> [DATASET RECORDS]:
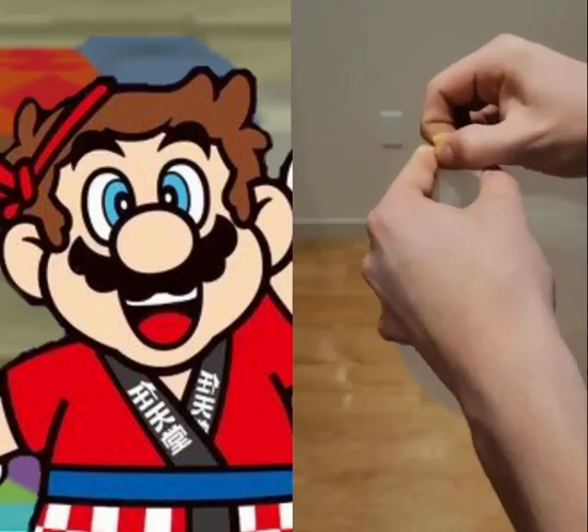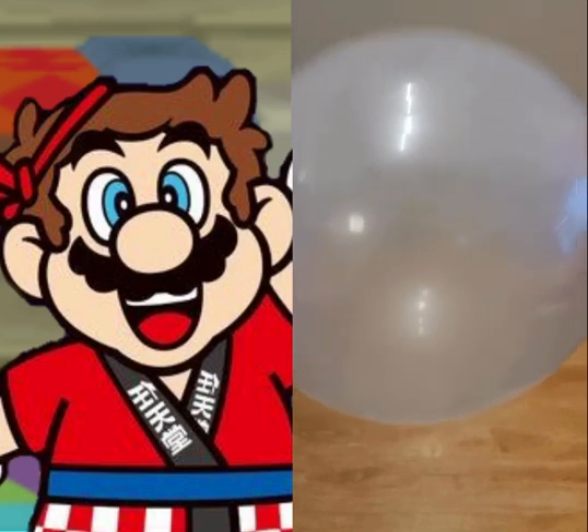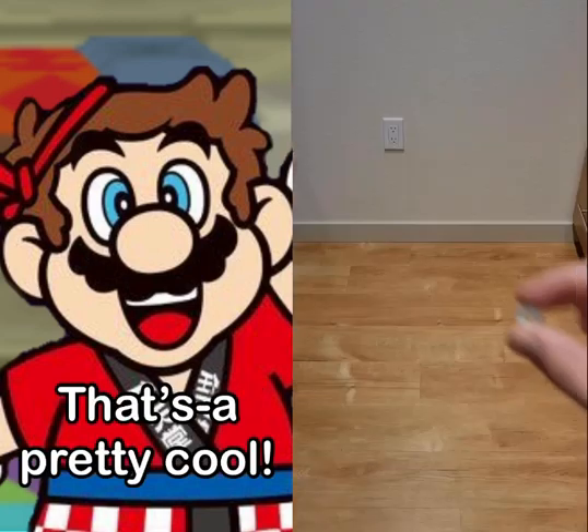If you place a penny inside of a balloon and then blow the balloon up and spin it around, you'll see that it rolls around on the inside, and even after I stop shaking it, it rolls for quite a while. That's cool, but if you wanted to make more noise, you can use a hex nut.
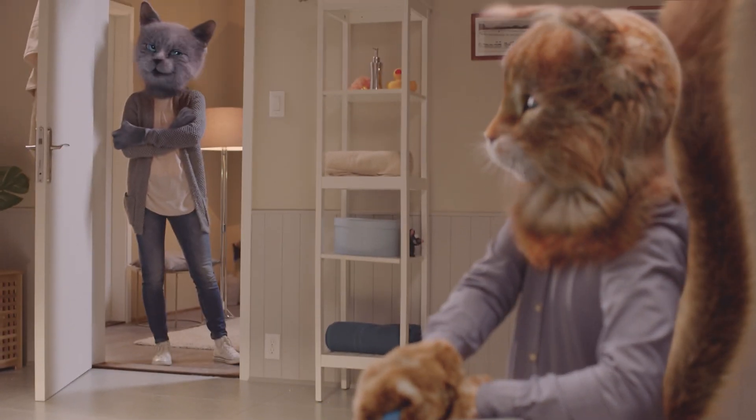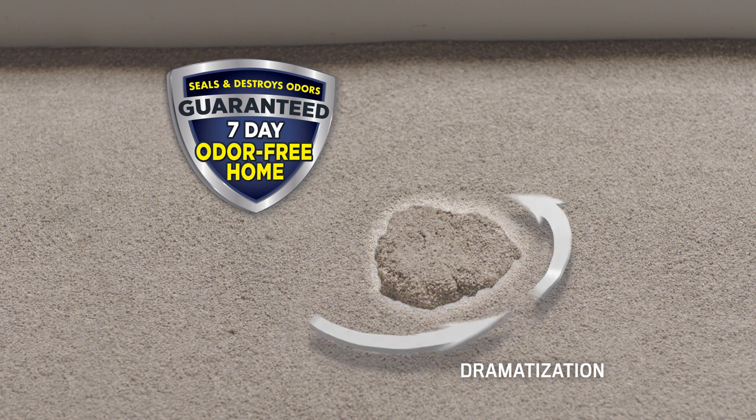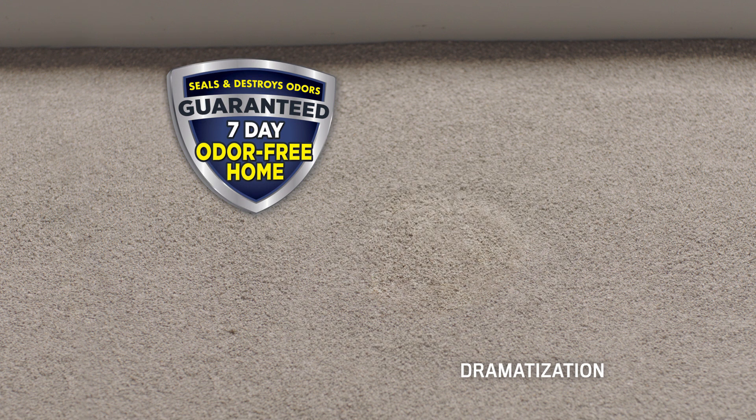No matter how often I clean my litter box, it still smells. But now I use Arm & Hammer Clump & Seal. It absorbs, seals, and destroys odor on contact.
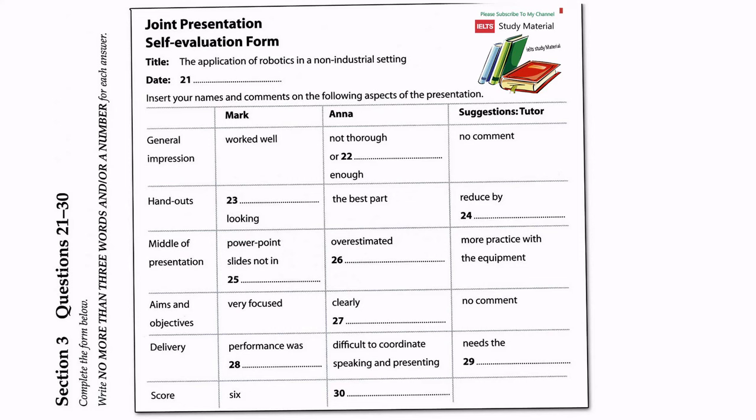What about the next item on the feedback form? The aims and objectives? I think they were very focused, and we followed them through well. We wanted to show how Europe was lagging behind other areas of the world. Yeah, I think they were clearly set out. Yes. Agreed. No comment there. The diagrams and charts were appropriate. Yes, I have put that too. They did work well in helping to illustrate and break up the presentation by cutting down on the number of words and text on the screen.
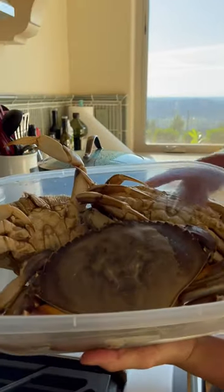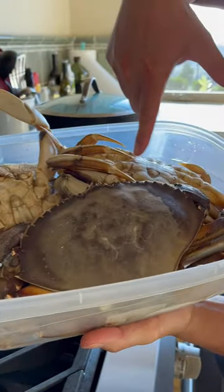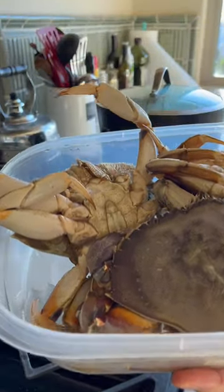All right guys, check it out. Crabby's today. This thing is bigger than seven inches. This one's big too. That one's big too. That's missing two claws.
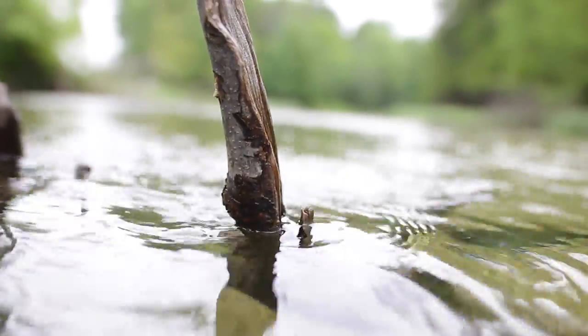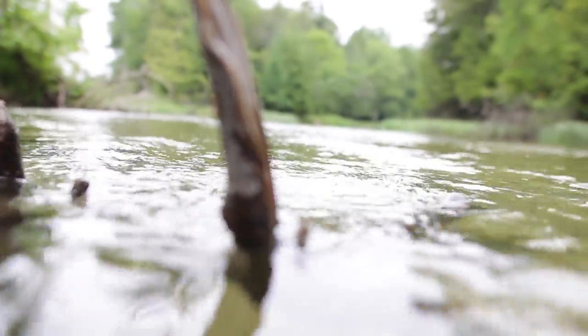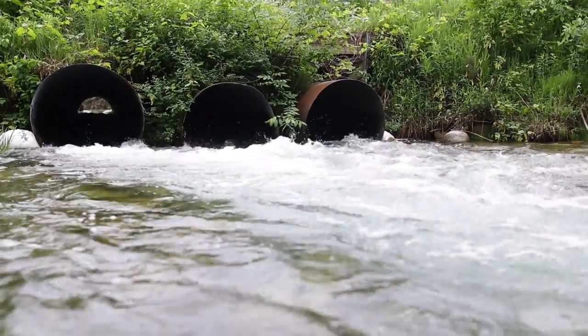If you don't make the turn, it's really no big deal. You kind of bounce off the logs there on the other side and you're going to be able to keep going on your way. But shooting the tube is a lot of fun and it's a very small drift, so we definitely suggest that you shoot the tube.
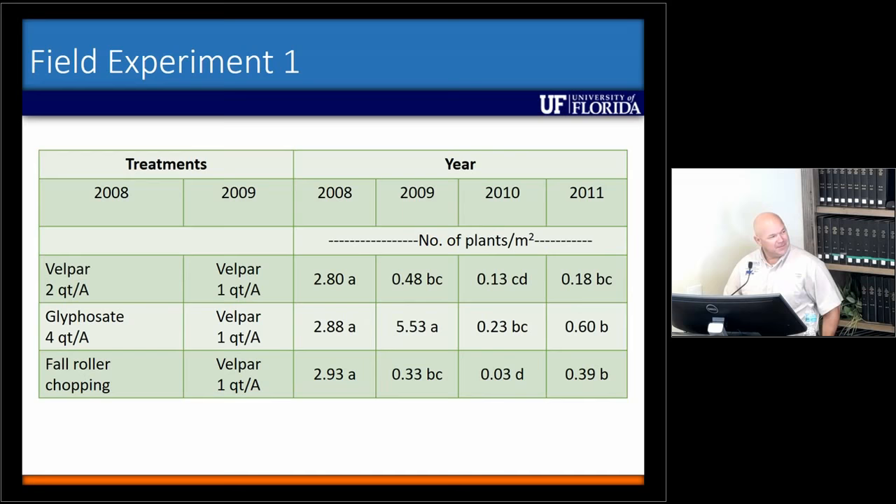As for the fall roller chopping, I've never done that again, so I don't know if it was an anomaly or if it's real. I do have producers who have done some aeration or chopping in the summer and they end up reducing clump size, but I don't think they necessarily reduce density. In this case, we reduced density with the fall chopping because we got those clumps out of the ground and they were able to desiccate.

> [YOUR TASK]: Pictures stay out; output the lines from the top of the listing above through the line containing "No matter how", exactly as they stand.

> [SOLUTION TO THIS EXERCISE]:
If you place a penny inside of a balloon and then blow the balloon up and spin it around, you'll see that it rolls around on the inside, and even after I stop shaking it, it rolls for quite a while. That's cool, but if you wanted to make more noise, you can use a hex nut.
No matter how often I clean my litter box, it still smells. But now I use Arm & Hammer Clump & Seal. It absorbs, seals, and destroys odor on contact.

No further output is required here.